Below the table in the "Supporting data" section, you can view more granular data. The chart displays revenue versus control information to the latest available date as default. In this view, the shaded area represents the confidence interval; the chart allows you to view how the confidence interval changed through time. You can adjust the selected duration and dates using the duration and date filters at the top right of the chart.

You can also display the following metrics using the metric filter at the top left of the chart: Revenue, Orders, Buyers, Buyer ratio, ARRPU (these metrics are also described in Metric definitions). If you choose another metric, the chart won't display a confidence interval, as this is based on revenue.

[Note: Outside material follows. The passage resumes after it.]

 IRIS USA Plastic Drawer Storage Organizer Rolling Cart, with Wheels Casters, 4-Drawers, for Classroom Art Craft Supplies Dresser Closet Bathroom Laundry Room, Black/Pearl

To view more product-level details, you can also export your experiment results as a CSV file. You can view the fields, format, and examples for the CSV export by expanding the Metric definitions (CSV export) section.

Tip: You can click View experiment setup to view the experiment setup details, which you can also filter by variant and by country/region. This can be helpful to quickly remind yourself of the experiment parameters.

Apply variants

Before applying your variant, note the following:

  • If one or more of your in-app products are linked to a pricing template, applying the variant will update your experiment's country/region prices and unlink these in-app products from the template(s).
  • You can only apply the variant to all in-app products and countries/regions in your experiment. We calculate statistical significance across the whole setup and therefore cannot guarantee the same outcome and effect if only part of the setup countries/regions and in-app products were applied.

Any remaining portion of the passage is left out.